I decided to talk to him about it, our wedding is in a small town, and while I abhor drug use anyway, it would be bad for my parents if their guests in this tiny town got caught with drugs.

Fiance said he would handle it, that I wouldn’t worry, and that if any of them brought anything, he would have no problem removing them from the property himself.  And that’s the most assurance I can get.

While I agree you should be there for your friend, I don’t think you have to support her relationship.  You can support her without supporting what she’s doing, and although that may hurt her feelings, it shows how seriously you feel about this.  Sort of an “I love you, but I don’t love what you’re doing”.  And I agree about support materials, leaving a bad situation can be so overwhelming, just because you don’t know what to do first, so maybe try to point her in the right direction?

Post # 5
Member
411 posts
Helper bee
  • Wedding: January 2011

How far away is your wedding?

If it’s 4+ months, there’s always the chance that your friend will wise-up before then and kick him out/move out. If your wedding is quickly approaching, then I’d address the issue. Maybe tell your friend that he’s not welcome if he’s still doing drugs or something?

Post # 7
Member
829 posts
Busy bee
  • Wedding: November 2010

Wow! I am so sorry you are in this situation. I do not know what I would do. I personally am known for being very honest. I had a situation where I hated my friends long term boyfriend. He use to be so horrible to her. I straight out did not want her to invite him and nicely talked to her about it. She understood and was not offended. She also knew I was already having problems with the guest list. She also knows how I am. It depends on how your friend would react to you if you should say something or just suck it up.   GOOD LUCK!

Post # 8
Member
1854 posts
Buzzing bee
  • Wedding: December 2009

Ahh so sorry for your friend! You’re being very empathetic to her situation, and non judgemental, kudos to you.

I would wait a bit to see if she leaves or not. If she stays with him, and you do not want him at your wedding, I would speak to her.

I know you don’t want to hurt her feelings by telling her you don’t like her SO, but from what I hear, this is not the case. You like the guy, but not his actions of the last while. Even if you would have liked to have him at your wedding, you are not willing to have him under the influence of drugs, which right now, have the best of him. If he is willing to put drugs before his girlfriend, why would he not put them before being his best self at your wedding? Tell her you want the best for her and for him, but that you can not spend your wedding day worrying about him and his substance abuse.

Good luck

Post # 9
Member
53 posts
Worker bee
  • Wedding: September 2012

Wow! First off, I think you’re being a wonderful friend for supporting her decision. I’ve learned early on that no matter how much you tell a friend that she is making a mistake and her knowing that he is bad for her, words can only do so much. She needs to truly realize how healthy or unhealthy her relationship is before she can really make a decision for herself.

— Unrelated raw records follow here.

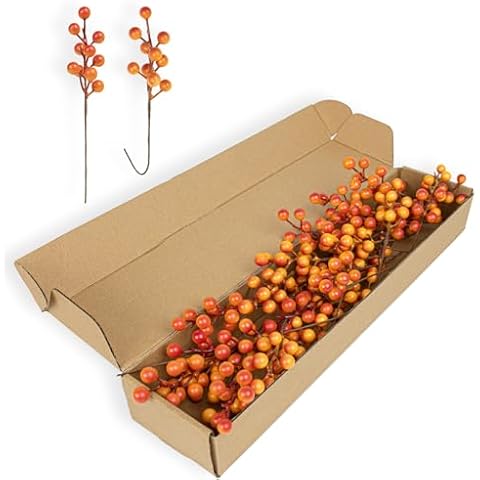 LLZLL Artificial Berry Stems 32 Pack Fall Floral Picks and Sprays 6.5 Inch Small Orange Berry Branches for Autumn Thanksgiving Christmas Tree DIY Decorations Cover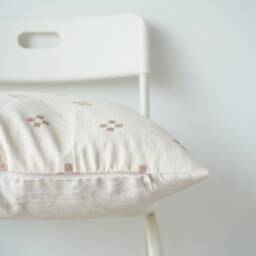 Cream Brown Dot Block Print Pillow - thumbnail 3
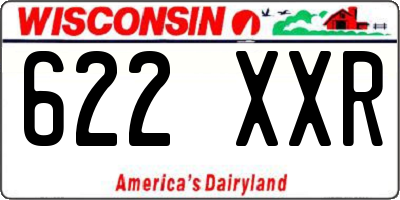 WI license plate 622XXR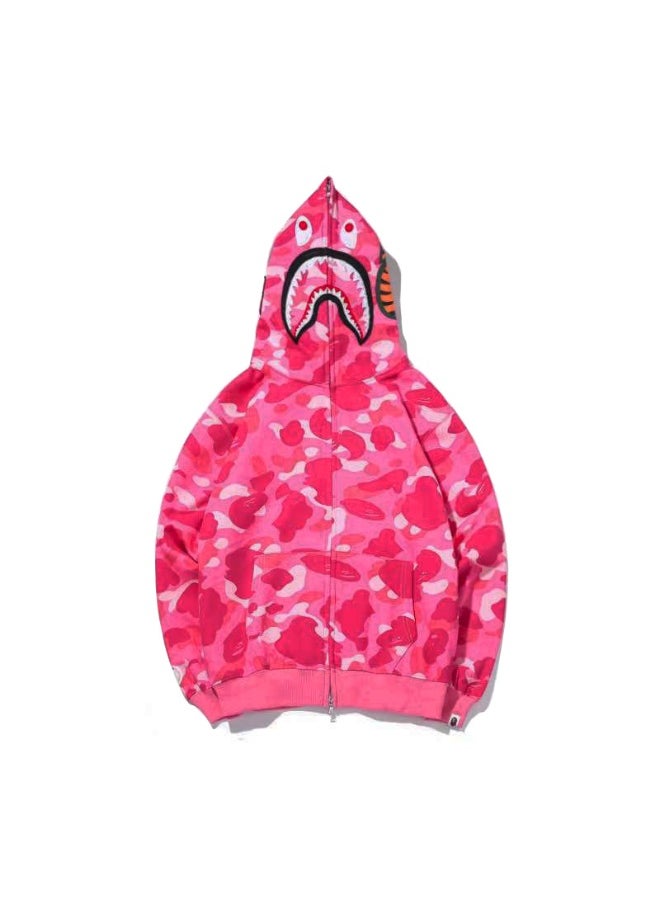NIBEMINENT - Classic Camouflage Shark Hoodie Cardigan Zipper Embroidered Jacket for Men and Women - Image 1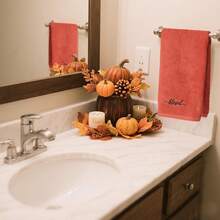 Peryiter - 3 toallas de mano para decoración de baño, de algodón de 14 x 29 pulgadas, rústico, bordadas para decoración de cocina bohemia, regalo cristiano inspirador (serie café, bendito agradecido) - Naranja Otoño - Ver 6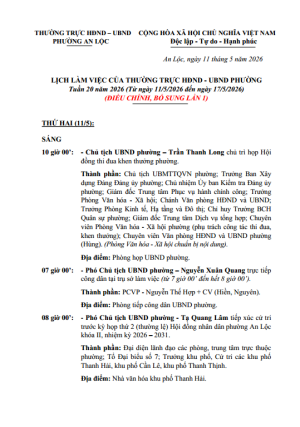 LỊCH LÀM VIỆC CỦA THƯỜNG TRỰC HĐND - UBND PHƯỜNG Tuần 20 năm 2026 (Từ ngày 11/5/2026 đến ngày 17/5/2026) (ĐIỀU CHỈNH, BỔ SUNG LẦN 1)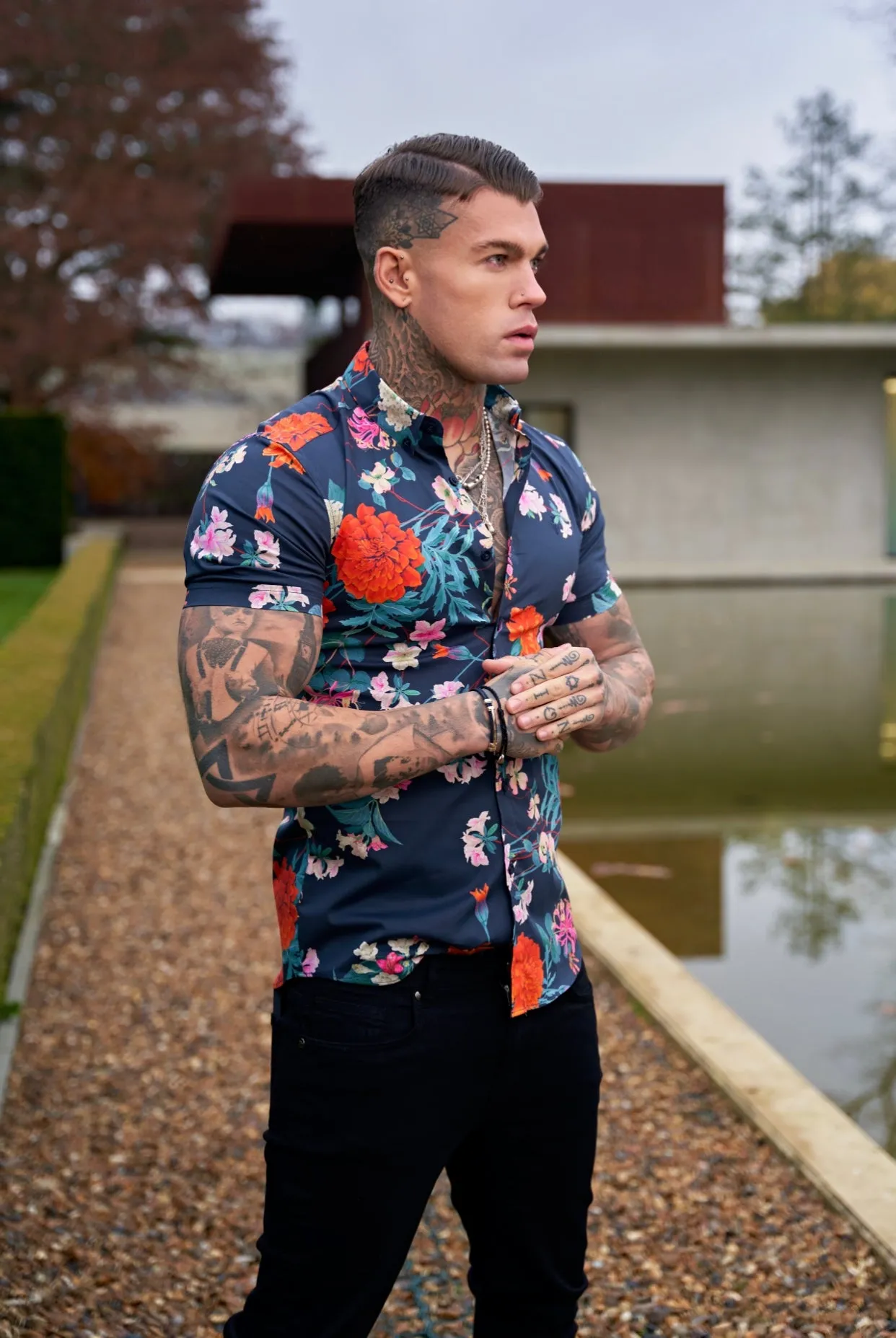 Father Sons Super Slim Stretch Navy / Red Carnation Print Short Sleeve with Button Down Collar - FS853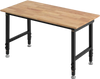 VEVOR Adjustable Workbench, 1500 lbs Capacity, 48 x 24 Inch Oak Wood Top Workbench with 26.3-40.2 Inch Height Adjustment, Heavy-Duty Hardwood Worktable for Garage, Workshop, Home, Office, Commercial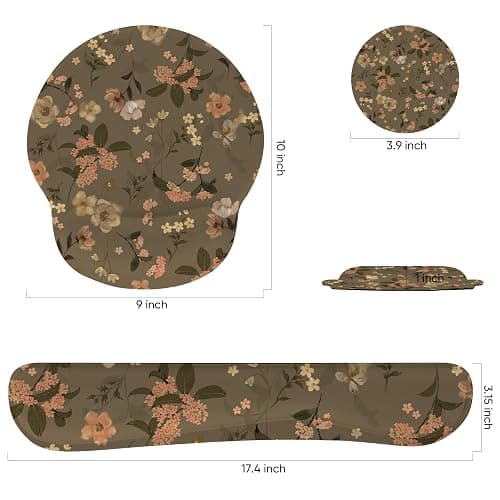AORTDES Ergonomic Keyboard Mouse Pad Wrist Rest Support Set for Laptop/Computer/Desktop,Memory Foam Hand Rest Wrist Cushion for Gaming/Office,Lightweight Comfortable & Pain Relief (Flowers) thumbnail 3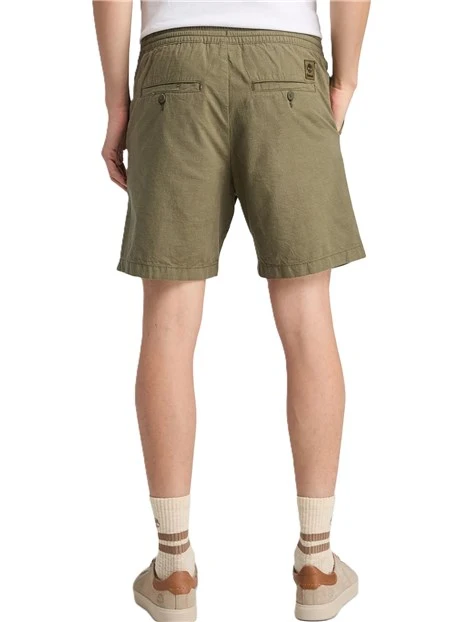 BERMUDA IN COTONE CON COULISSE ELASTICIZZATA UOMO VERDE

If they are together in September, I would approach her and be open with her. Explain to her what an important event this is for you and your future husband and that you do not want any drama. Tell her directly but in a supportive way. She may be upset but in the end, your friendship should be strong enough that you can be open with one another.

Stay strong.

The topic ‘BM’s bad boyfriend – need advice (long)’ is closed to new replies.